Sintilimab-chemo improves PFS in advanced NSCLC
Combining the anti-PD-1 antibody sintilimab with a pemetrexed-platinum chemotherapy regimen improved survival outcomes in patients with locally advanced or metastatic nonsquamous non-small cell lung cancer (NSCLC), interim analysis of the phase III ORIENT-11* trial from China showed.
“This study demonstrated that the addition of sintilimab to chemotherapy significantly improved progression-free survival (PFS) and nominally improved overall survival (OS), with an acceptable safety profile in [patients with] first-line nonsquamous NSCLC,” said Professor Li Zhang from the Sun Yat-Sen University Cancer Center, Guangzhou, China.
“[T]he combination regimen could provide a new treatment option for this patient population,” said Zhang and colleagues.
Participants were 397 individuals aged 18–75 years (median age 61 years) with untreated locally advanced or metastatic nonsquamous NSCLC ineligible for surgery or radiotherapy and with no EGFR or ALK alterations. They were randomized 2:1 to receive sintilimab (200 mg) or placebo plus pemetrexed (500 mg/m2) and platinum-based chemotherapy (cisplatin [75 mg/m2] or carboplatin [AUC 5]) Q3W for four cycles. This was followed by a maintenance regimen of sintilimab or placebo plus pemetrexed for ≤24 months.
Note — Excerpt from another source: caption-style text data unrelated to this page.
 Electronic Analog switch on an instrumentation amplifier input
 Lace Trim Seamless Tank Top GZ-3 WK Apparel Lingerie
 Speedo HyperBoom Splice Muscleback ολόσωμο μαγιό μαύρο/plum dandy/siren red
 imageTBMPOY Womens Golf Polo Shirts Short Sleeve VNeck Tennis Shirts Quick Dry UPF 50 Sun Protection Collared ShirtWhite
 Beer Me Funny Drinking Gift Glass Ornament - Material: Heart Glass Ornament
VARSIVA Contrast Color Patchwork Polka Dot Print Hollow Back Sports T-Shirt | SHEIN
Most patients had stage IV disease (92.1 and 88.5 percent of sintilimab and placebo recipients, respectively) and received carboplatin (73.3 and 74.8 percent, respectively). Brain metastases was present in 13.5 and 16.8 percent, respectively. Patients were treated for a median 7.1 and 5.5 months, respectively.
After a median 8.9 months of follow-up, PFS was significantly improved in the sintilimab-chemo vs the placebo-chemo group (median 8.9 vs 5.0 months; hazard ratio [HR], 0.482, 95 percent confidence interval [CI], 0.362–0.643; p<0.00001). [WCLC 2020 Virtual Presidential Symposium, abstract 1]
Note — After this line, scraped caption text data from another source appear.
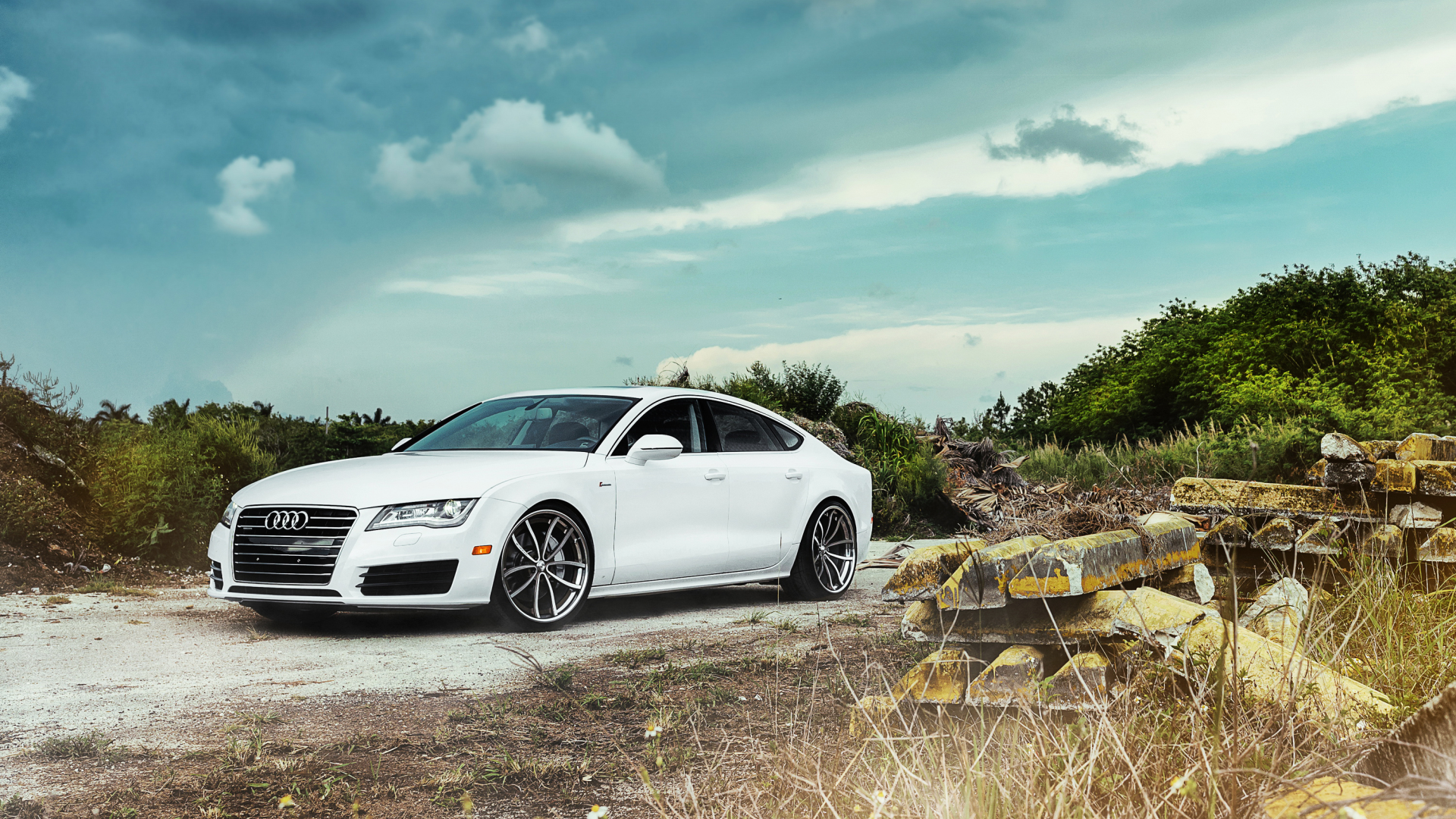 Картинка на рабочий стол белая, car, авто, ауди, auto wallpaper, audi a7  1920 x 1080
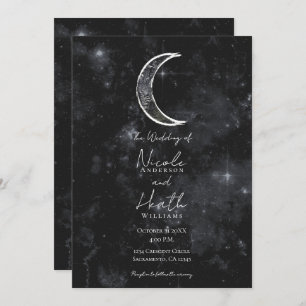 Invitation Mariage étoile noir blanc Lune céleste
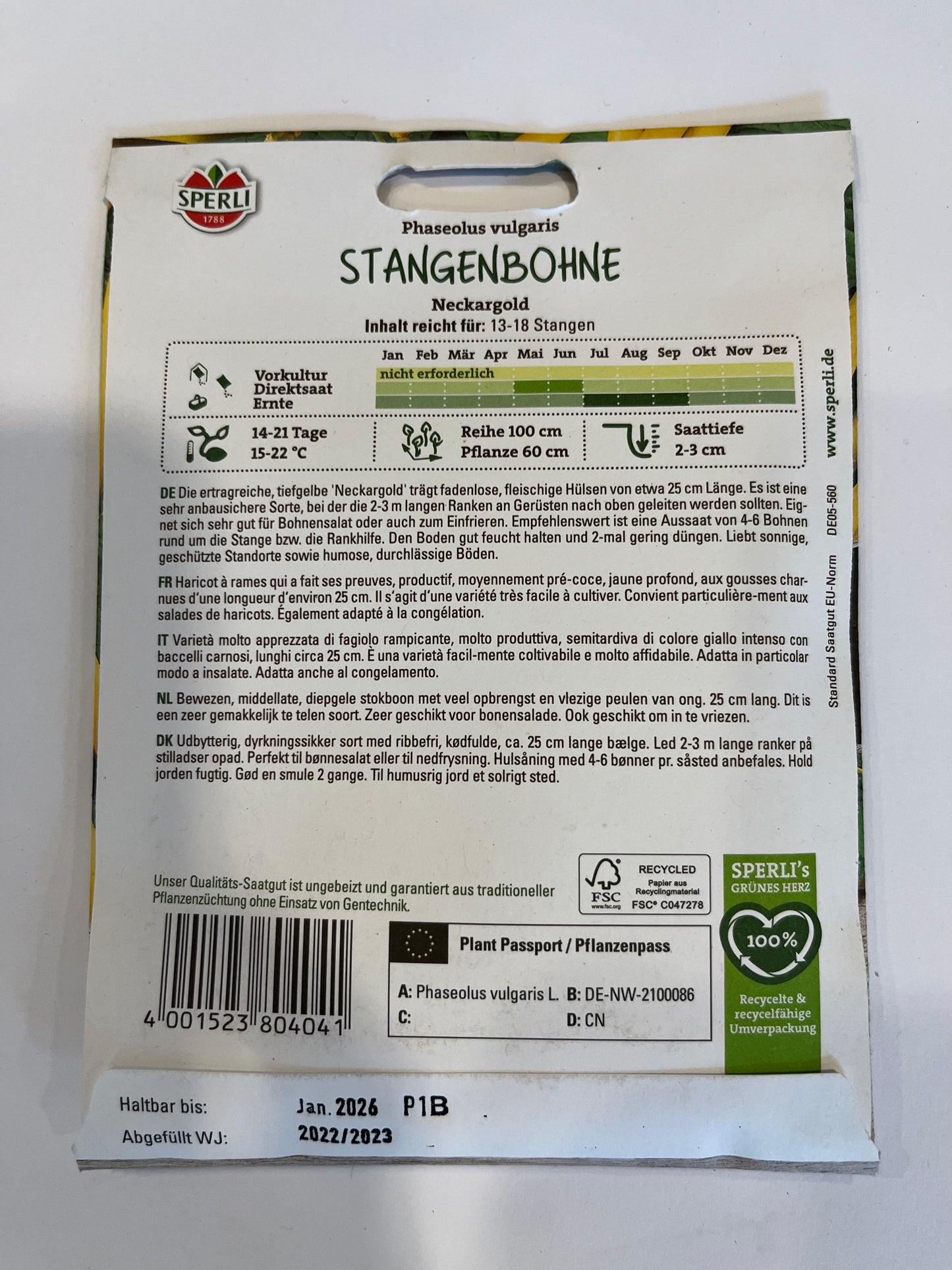 Stangenbohne Neckargold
The PFS findings favouring sintilimab were consistent across multiple subgroups including sex, age, choice of platinum chemotherapy, smoking status, and presence of brain metastases.
PFS appeared to improve with sintilimab vs placebo with increasing PD-L1 expression (tumour proportion score [TPS] <1 percent: median 7.3 vs 5.1 months; HR, 0.664; p=0.10295; TPS 1–49 percent: median 7.1 vs 4.8 months; HR, 0.503; p=0.02506; TPS ≥50 percent: median not reached vs 5.0 months; HR, 0.310; p<0.00001).
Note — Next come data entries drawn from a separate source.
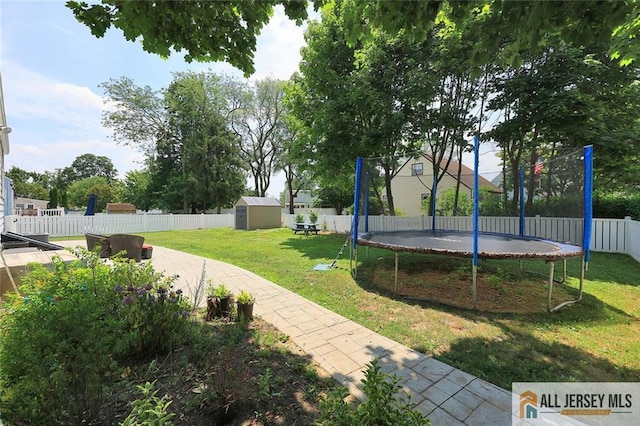 995 Old Bridge Tpke, East Brunswick, NJ 08816 - view of property's community featuring a trampoline, a storage unit, and a fenced backyard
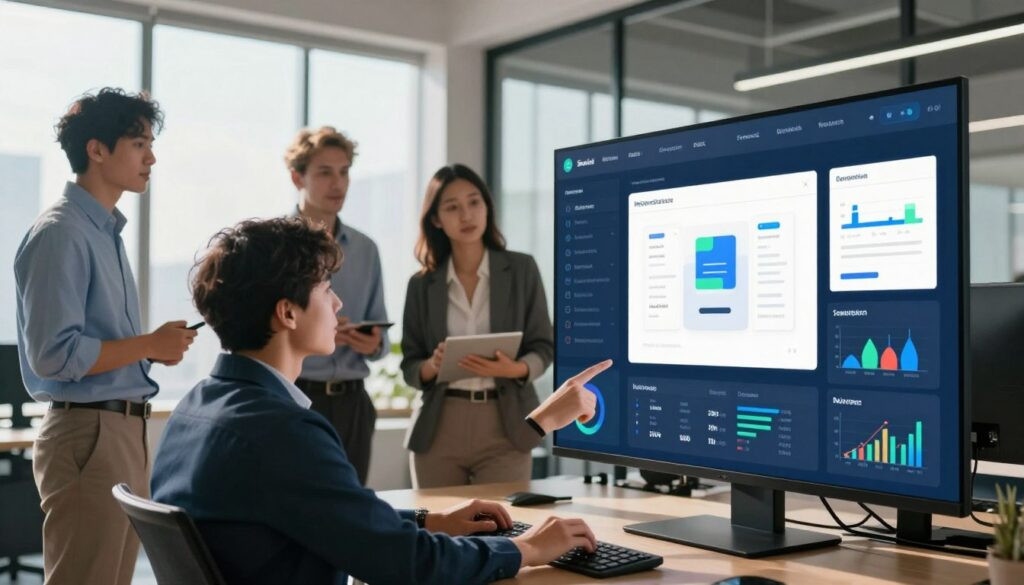 A modern office environment showcasing a workflow automation platform comparison. In the foreground, a sleek, interactive dashboard displays various platform icons and performance metrics, highlighted with infographics and statistics. In the middle ground, a diverse group of professionals in business attire engage in a discussion, pointing at the dashboard and sharing insights. The background features large windows letting in dynamic, natural lighting that casts soft shadows across the room. The atmosphere is collaborative and innovative, emphasizing productivity and technology. The image is rendered in 4K quality to capture details, with a focus on creating a vibrant and inviting workspace that embodies the essence of workflow automation tools.
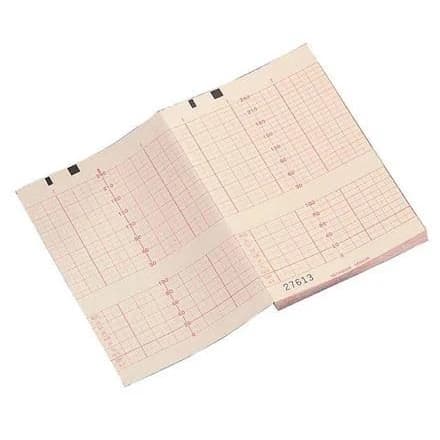 Precision Charts Z-Fold Fetal Red Grid Monitoring Chart Paper, 5.9" x 49' - Image 1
OS results, though immature, showed a trend toward improved outcomes with sintilimab vs placebo (6-month OS: 89.6 percent vs 80.4 percent; HR, 0.609, 95 percent CI, 0.400–0.926; p=0.01921).
However, 31.3 percent of placebo recipients crossed over to receive sintilimab at progression, pointed out Zhang. “[This] may attenuate the survival benefits seen with sintilimab in the investigational arm,” he said.
Overall response rate was also higher in the sintilimab vs placebo group (51.9 percent vs 29.8 percent; p=0.00003), as was disease control rate (86.8 percent vs 75.6 percent). Patients on sintilimab had a faster time to response than those on placebo (median 1.5 vs 2.6 months) with a longer duration of response (median not reached vs 5.5 months). Three patients on sintilimab had a complete response vs none on placebo, and partial response was achieved by 50.8 and 29.8 percent, respectively.
Grade 3–5 adverse events (AEs) occurred in 61.7 and 58.8 percent of sintilimab and placebo recipients, respectively, and serious AEs in 28.2 and 29.8 percent, respectively. AEs led to treatment discontinuation in 6.0 and 8.4 percent of sintilimab and placebo recipients, respectively, and death in six and nine patients, respectively. The most common (≥20 percent) grade 3–5 AEs in both groups were anaemia and decreased neutrophil or white blood cell count. Grade 3–5 immune-related AEs occurred in 15 sintilimab and eight placebo recipients, the most common (≥2 percent) being rash in the placebo group and elevated amylase in the sintilimab group.
“[G]iven the promising results from the preliminary analysis, we expect that the benefit observed in the sintilimab … group would be maintained with longer follow-up,” said the researchers, though long-term results, particularly for OS, are awaited.